The leaders of Ethiopia, Eritrea and Somalia gathered in the Eritrean capital of Asmara last month for a surprise three-way meeting. The summit, which took place against the backdrop of a rapid thaw in Ethiopian-Eritrean relations, has raised hopes among observers for more frequent and durable cooperation in the Horn of Africa region. But its implications are uncertain for fractured Somalia. In an interview with WPR, Awet Weldemichael, a professor of African history and politics at Queen’s University in Canada, discusses the potential extent of a trilateral rapprochement between the historically troubled neighbors.
World Politics Review: What were the conditions that allowed leaders from Ethiopia, Eritrea and Somalia to gather for a trilateral summit last month?

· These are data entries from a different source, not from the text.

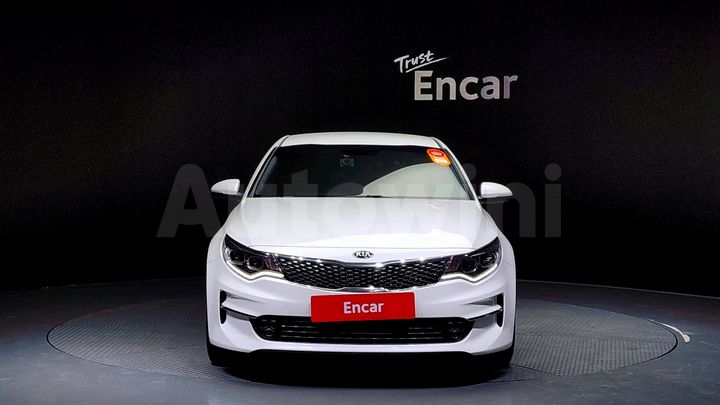 Kia K5 2018 — 3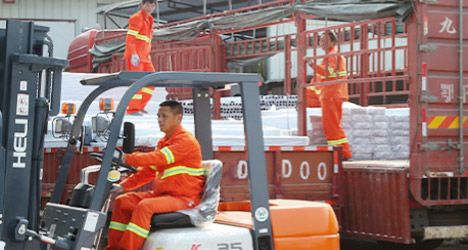 1小時(shí)配送，滿(mǎn)足應(yīng)急搶險(xiǎn)要求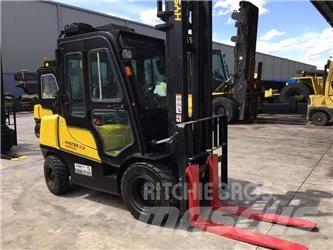 Hyster H3.0TX Empilhadores a gás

Awet Weldemichael: It is important to first touch on the rapprochement between Eritrea and Ethiopia, which preceded the trilateral summit. After a bloody two-year border conflict from 1998 to 2000, followed by a 17-year stalemate, both Eritrea and Ethiopia faced serious internal crises, making it mutually beneficial for them to bury the hatchet. The rise to power of Prime Minister Abiy Ahmed in Ethiopia, his aggressive domestic reforms, and his repeated calls for the resolution of the conflict with Eritrea helped Asmara overcome its distrust of Addis Ababa.